Stocks dance to downgrade tune

This article was published in the Hindu Business Line on 23rd January 2012. The link is

Credit Rating Agencies (CRAs) have been around since more than a century. In India, the first CRA CRISIL was started in collaboration with the international CRA Standard & Poor's (S&P) in 1988.

The role of the CRAs has been important in the investors' decision making process. However, international credit rating agencies like Moody's, S&P and Fitch have been under the scanner in the last decade for failing to signal the downfall of giants like Merrill Lynch (2007) and Enron (2001). The incorrect high ratings for these giants resulted in loss of credibility of these agencies.


The Indian counterparts CRISIL, ICRA, FITCH, CARE and Brickworks are known to be relatively more conservative in their ratings. Maybe that is the reason why there have been only cases of rating upgrades amongst all NSE-listed companies in the last decade.

My friends, Chakrapani Chaturvedula and Nikhil Rastogi, from IMT Hyderabad and I studied the credit rating changes by CRISIL, ICRA, FITCH and CARE in all the NSE-listed companies for the last ten years.

We investigated the impact of credit rating changes viz. upgrades, downgrades, reaffirmations, withdrawals and initiations on the stock prices of the respective companies.

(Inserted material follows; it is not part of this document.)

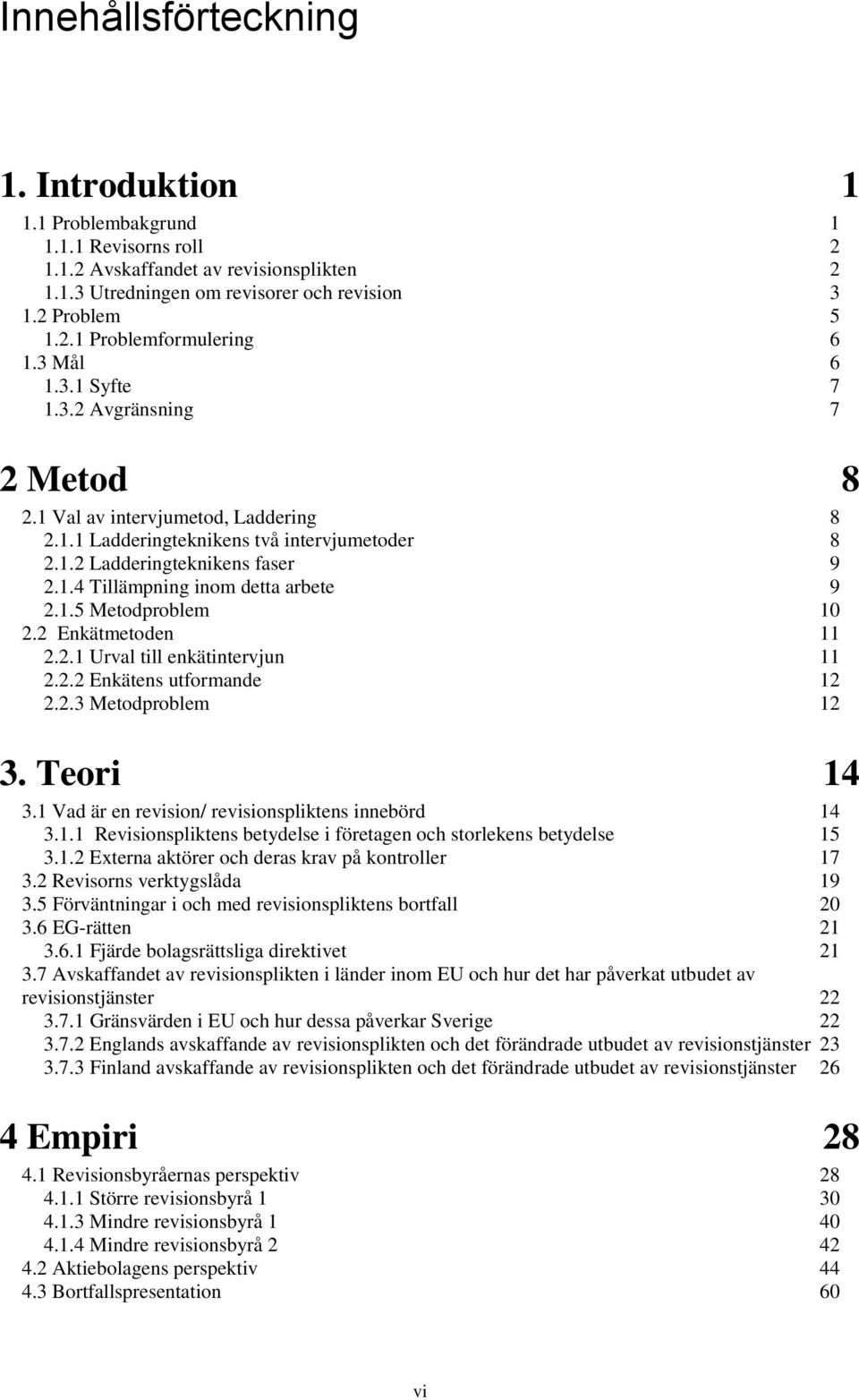 1.5 Metodproblem 10 2.2 Enkätmetoden 11 2.2.1 Urval till enkätintervjun 11 2.2.2 Enkätens utformande 12 2.2.3 Metodproblem 12 3. Teori 14 3.1 Vad är en revision/ revisionspliktens innebörd 14 3.1.1 Revisionspliktens betydelse i företagen och storlekens betydelse 15 3.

These ratings are supposed to convey the future prospects of the company and other relevant information about the company to the investors. They are supposed to act as “independent auditors” who provide a “certificate of creditworthiness” to the companies.

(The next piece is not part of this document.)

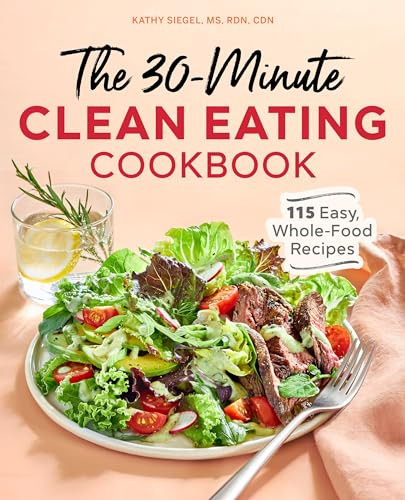The 30-Minute Clean Eating Cookbook (115 Easy, Whole Food Recipes) by Kathy Siegel MS, RDN, CDN, 9781646118861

The companies have a tendency to delay the release of negative information or hide them. And since the reputation of the agencies is more at stake in case of incorrect higher ratings, they spend more resources to find negative information about companies. In such a scenario, a downgrade by an agency is of immense importance to the investors in their decision making process.

We find that downgrades result in significant abnormal losses (due to selling pressure) for the investors. The graph shows a downward trend for the cumulative abnormal returns after the event. We see that from the day of the downgrade (day zero), the prices fall almost 5 per cent on an average in the next 10 days.


The result of our study is also evident in a recent event when Moody's downgraded the outlook of the Indian banking system from ‘stable' to ‘negative'. We saw the banking stocks lose heavily in the days to follow.

Within the next 10 working days, the CNX Bank index had fallen by 16 per cent. Apart from downgrades, no other actions by the credit rating agencies had any impact on the stock prices.

Contrary to our expectations, we find that there is no significant negative impact of withdrawal and no significant positive impact of initiation on the stock prices.

These could be because the market might have already anticipated withdrawals and initiations much before the actual act.

Hence, on the day and after the day of the act, there is no new information being brought into the market. The number of upgrades (only 10) during the period was too few to meaningfully conclude anything.

Continuing with the story of the outlook for the banking system in India, S&P actually upgraded the rating of the Indian banking system just the day after the Moody's downgrade. In spite of that, the banking sector stocks continued their downward slide.

This once again showed that the market reacts to bad news swiftly in order to avoid losses. But it does not react to good news in the same magnitude.

With SEBI seeking more disclosures from the CRAs on the factors and process which results in the ratings, we anticipate that the rating changes will become more meaningful in the future as investors will then be able to make more informed decisions, especially in the case of conflicting ratings from different agencies.